Gazeteci Çiğdem Toker, Sözcü Gazetesi’ndeki köşesinde “Babamdan öğrendiğim” başlıklı yazısında babası Erdoğan Toker’in bir hafta önce nasıl hayatını kaybettiğini anlattı. Gazetecilik içeriği taşıması beklenen bir köşede, kişisel bir durumu niye anlattığına ilişkin ise Toker, “Babam yürüyerek bindiği ambulansın götürdüğü Denizli Servergazi Devlet Hastanesi acil servisinde, bir dizi ağır ihmal sonucu hayatını kaybetti.” dedi.
Babasının bir sedye üzerinde, kanamalı ve aralıksız 12 saat boyunca, bir uzman doktor görmeden tutulduğunu anlatan Toker, anlattıklarının birden fazla tanığı olduğunu yazdı. Toker, şöyle devam etti:
“Onu kabettiğimiz günün hastane öyküsü iki aşamadan oluşuyor. Sabah erken burun kanaması şikayetiyle hastane acil servisine götürülüyor. Burnuna uygulanan tamponun ardından MR, tomografi tetkikleri yapılıyor. Ciddi bir sorun olmadığı söylenerek eve gönderiliyor. Gece saat 20’yi geçerken bu defa ağzından ve burnundan tekrar kanama başlıyor. Annem yeniden ambulans çağırıyor. Yine çabucak ulaşıyor. Bir yandan burnuna tampon yapılmaya çalışılırken diğer yandan yine bastonuyla yürüyerek ambulansa bindiriliyor.

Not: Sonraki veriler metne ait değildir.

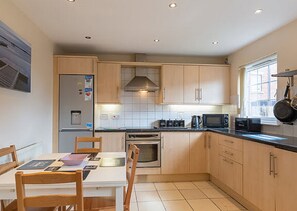 Resortwoning | Privékeuken | Een koelkast, een magnetron, een vaatwasser, een waterkoker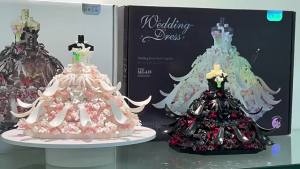 Đồ Chơi Xếp Hình Váy Cưới Công Chúa Lãng Mạn Đen Trắng Dành Cho Bé Gái Quà Tặng Ngày Valentine Quà Tặng Năm Mới Đồ Trang Trí Lắp Ráp Dành Cho Người Lớn (nam/nữ)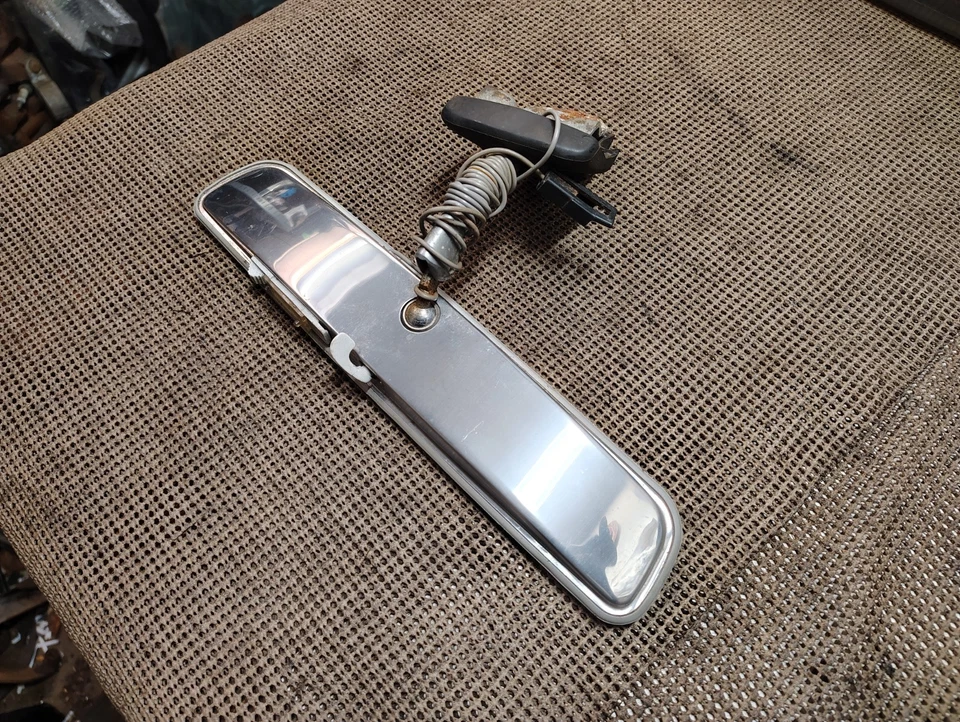 1968 1969 1970 Buick Riviera & Riviera GS luz de mapa opcional espelho retrovisor - Imagem 2 de 4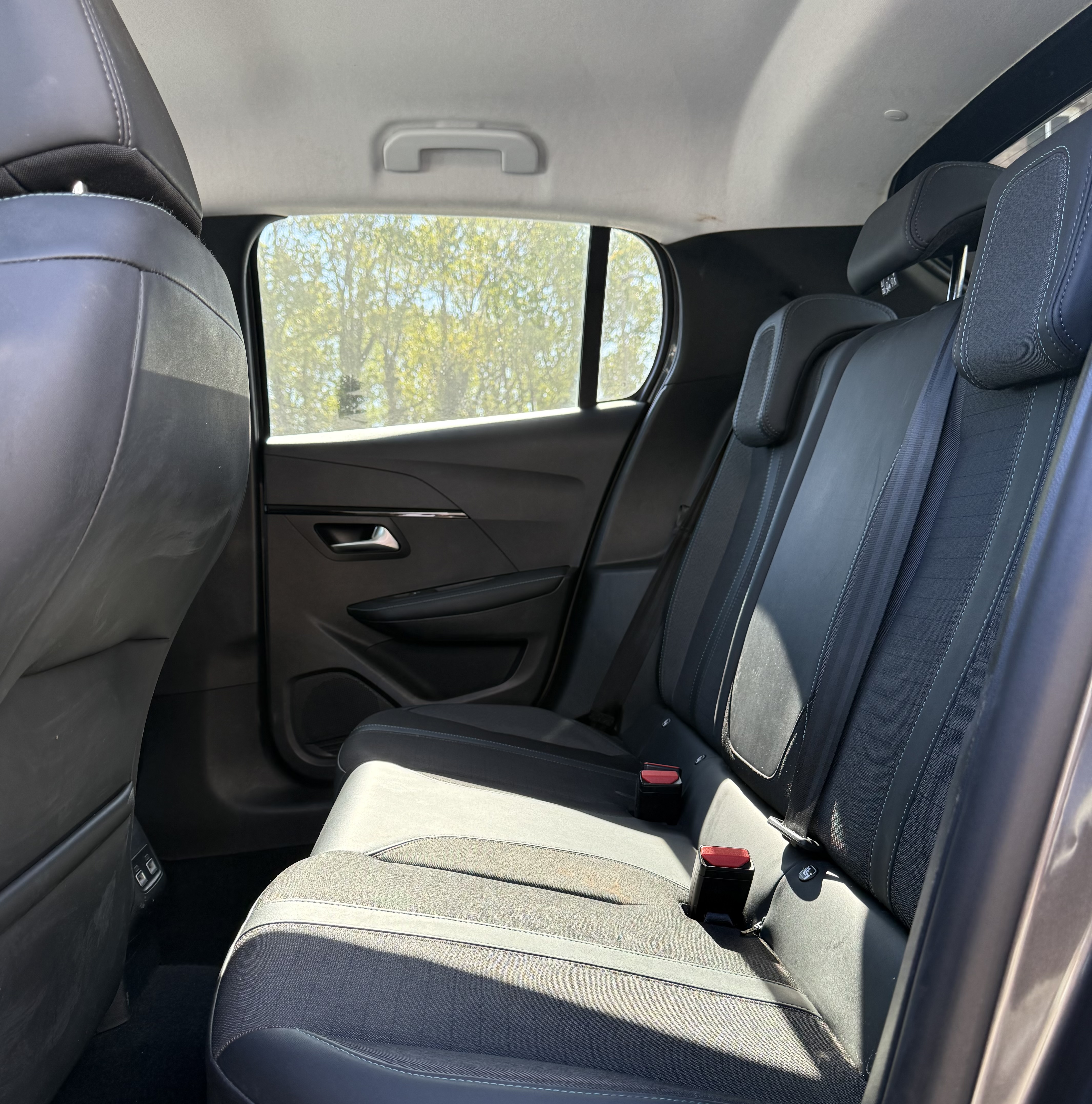 VO10678 - PEUGEOT - 208 - 2021 - photo 17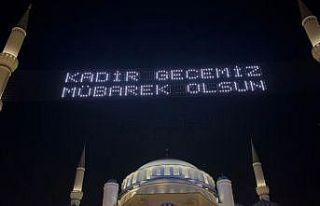 Kadir Gecesi Büyük Çamlıca Camii’nde dualarla...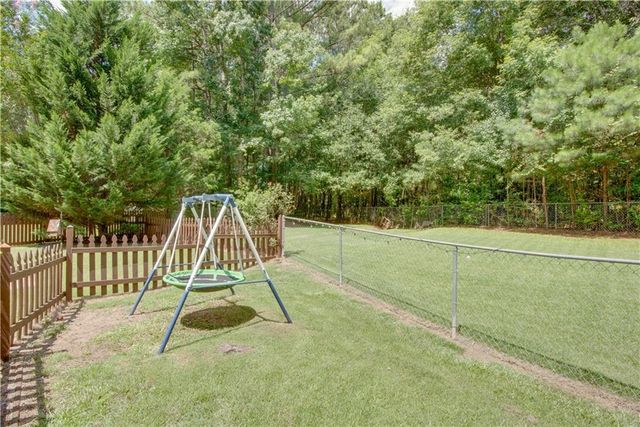 289 Marsha Way, Sharpsburg, GA 30277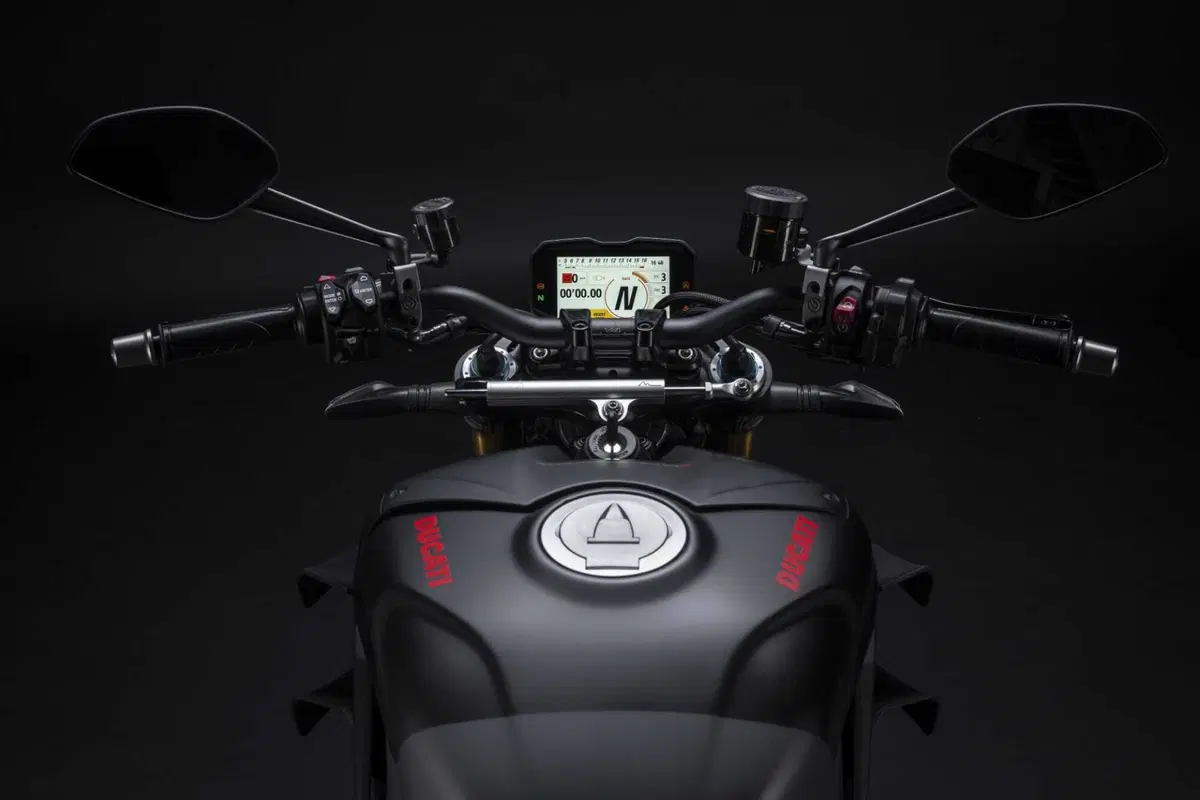 Nuove Ducati Streetfighter V4, V4S e V4 SP2  2023 [VIDEO e GALLERY] (24)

Yine aynı hastanenin yine acil serviris… Burnuna tampon yapılıyor. Gece yarısını geçince pratisyen hekim, cep telefonu ışığıyla boğazına bakıyor. Damak bölgesinde kanama nedeniyle gece hastanede kalması gerektiğini söylüyoru. Ama o gece, sabaha kadar babamı hiçbir uzman doktor görmüyor. Kulak burun boğaz uzmanının, sabah polilikte bakacağı söyleniyor.”
Toker, sabah saatlerinde babasının genel durumunun kötüleşerek, solunumu ve kalbi durarak vefat ettiğini belirtti.